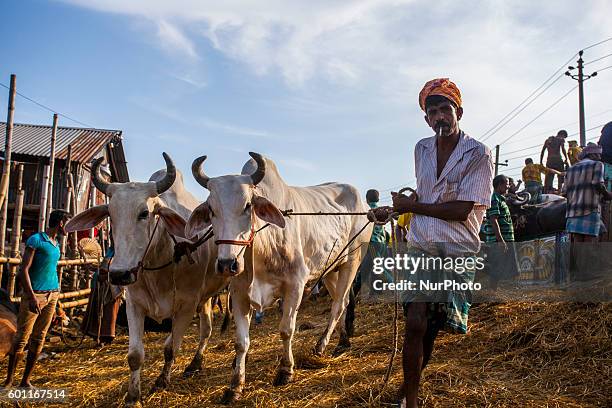 Bangladeshi prepare to celebrate the Eid-al-Adha in Dhaka, Bangladesh, on 9 September 2016. Eid al-Adha is an Islamic festival to commemorate the...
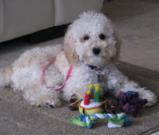 Bichon Poodle Puppy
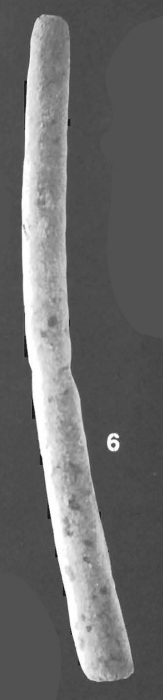 Marsipella gigantea Cushman identified specimen Marsipella gigantea Cushman identified specimen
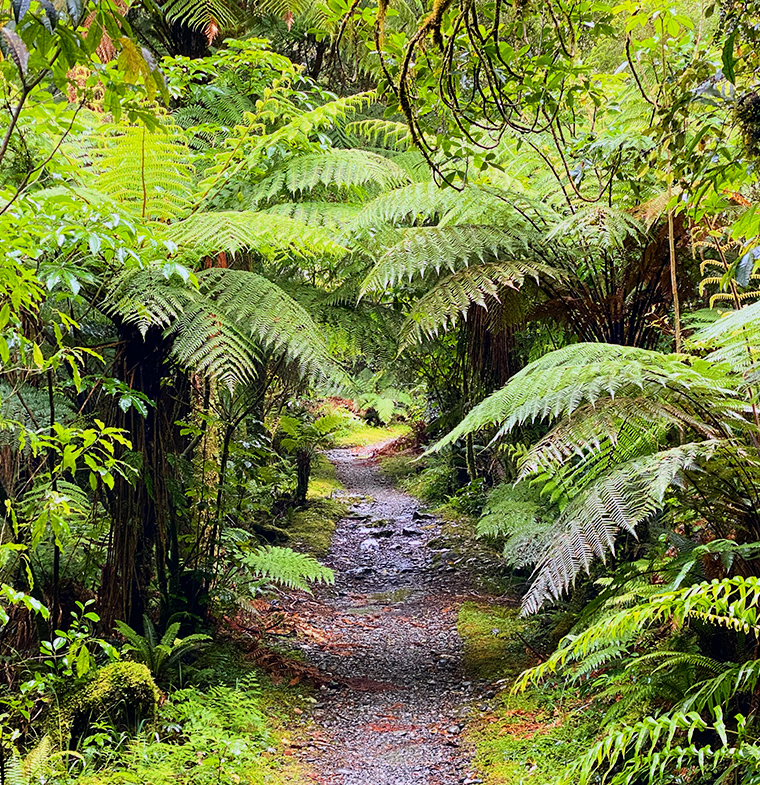 Fiordland National Park and Rainforest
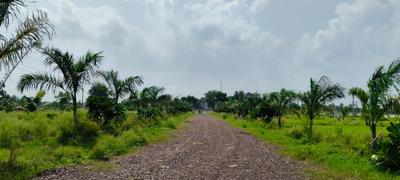 Image of 8000 Sq.ft Residential Plot / Land for sale in Patan, Durg for Rs. 5208000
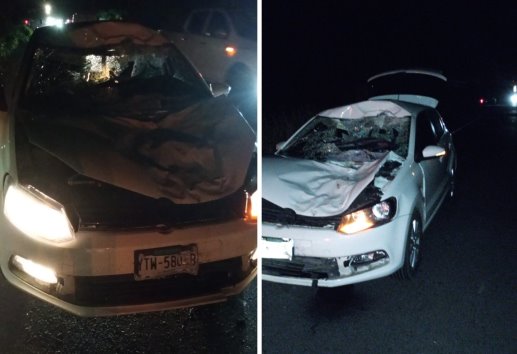 Automóvil impacta y acaba con la vida de una vaquilla en la carretera federal 180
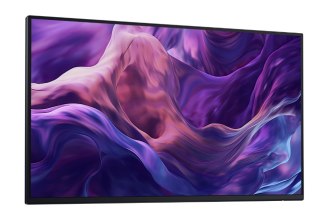 Monitor 23 8 cala P2425H WOST IPS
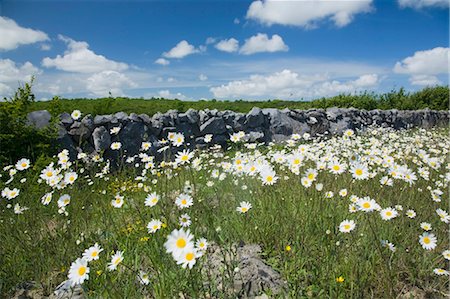 Meadow Of Ox-Eye Daisies, County Clare, Ireland Stock Photo - Rights-Managed, Code: 832-03640871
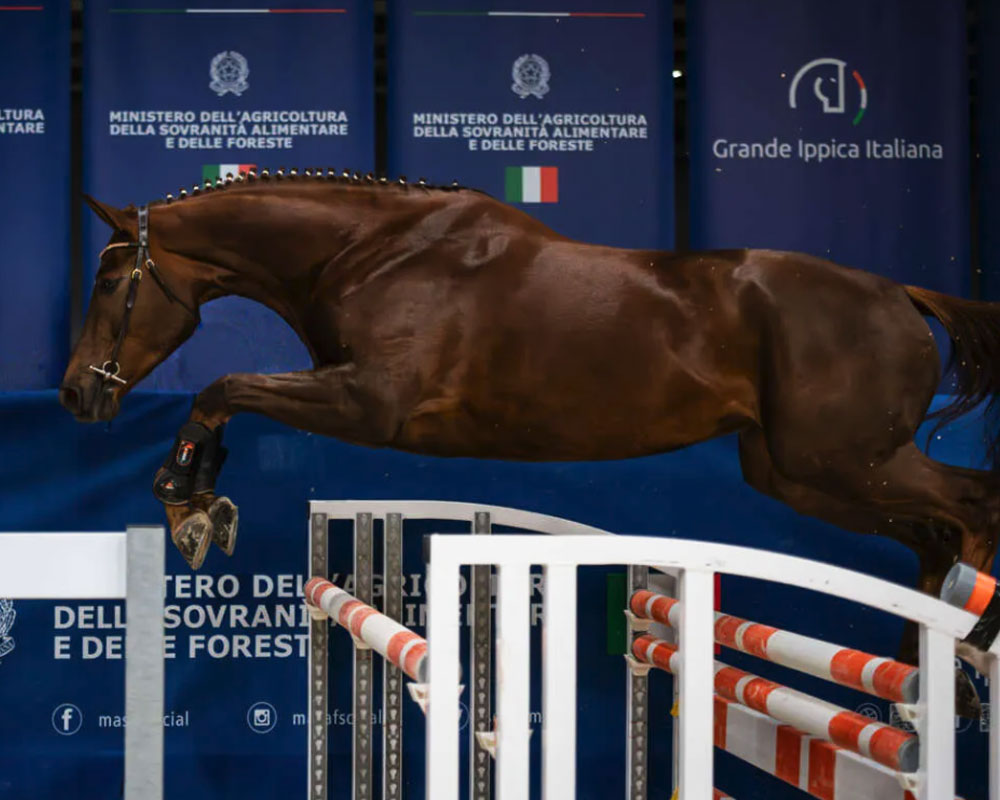Fiera-Cavalli-2026-a-Verona Fieracavalli a Verona dal 5 all'8 novembre 2026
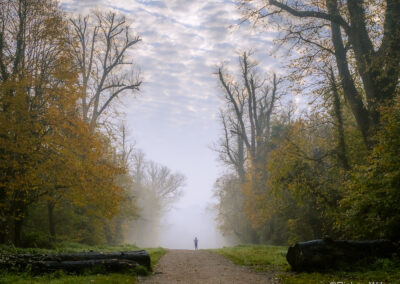 Lone jogger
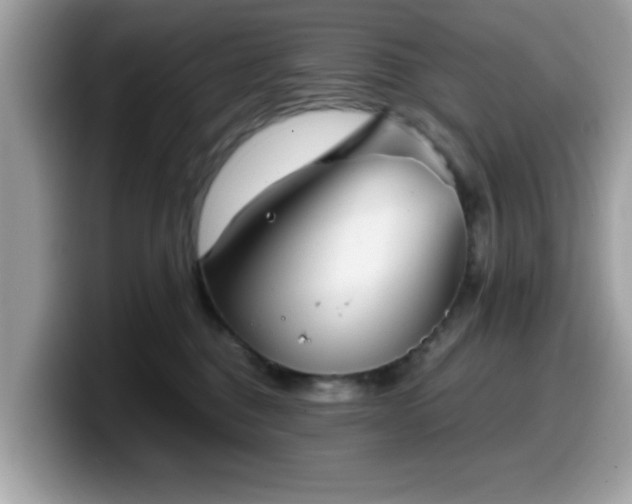 X0000099970376200805301338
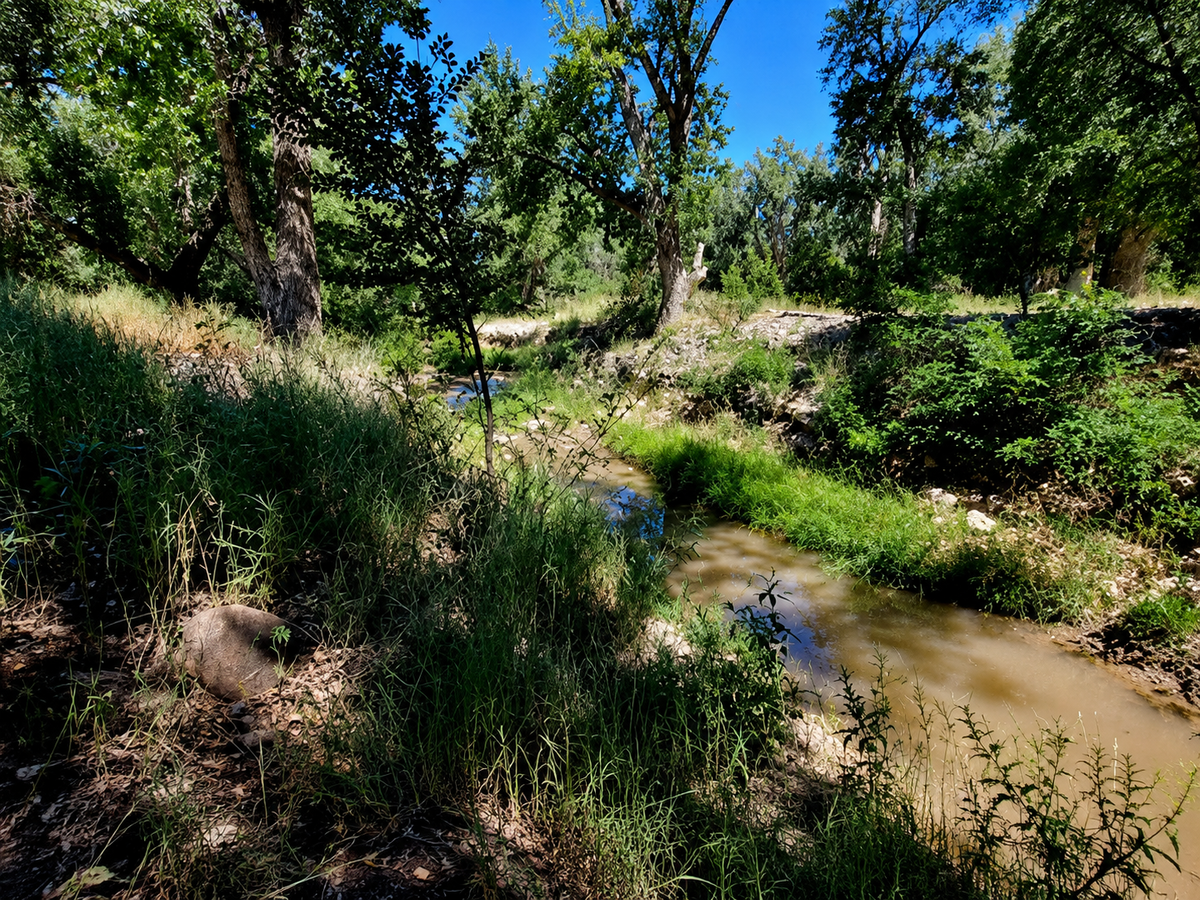 A detailed map of Fremont County, Colorado, showing 0.25-acre property in Chandler Creek SW4 NW4 SE4 SW4 SEC 8-19-69.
+++
THE TASK: Retype the listing exactly and drop the pictures.

WRITTEN ANSWER:
 Bangladeshi prepare to celebrate the Eid-al-Adha in Dhaka, Bangladesh, on 9 September 2016. Eid al-Adha is an Islamic festival to commemorate the...
 Bichon Poodle Puppy
 Marsipella gigantea Cushman identified specimen Marsipella gigantea Cushman identified specimen
 Fiordland National Park and Rainforest
 Image of 8000 Sq.ft Residential Plot / Land for sale in Patan, Durg for Rs. 5208000
 Automóvil impacta y acaba con la vida de una vaquilla en la carretera federal 180
 Monitor 23 8 cala P2425H WOST IPS
 Meadow Of Ox-Eye Daisies, County Clare, Ireland Stock Photo - Rights-Managed, Code: 832-03640871
Fiera-Cavalli-2026-a-Verona Fieracavalli a Verona dal 5 all'8 novembre 2026
 Lone jogger
 X0000099970376200805301338
 A detailed map of Fremont County, Colorado, showing 0.25-acre property in Chandler Creek SW4 NW4 SE4 SW4 SEC 8-19-69.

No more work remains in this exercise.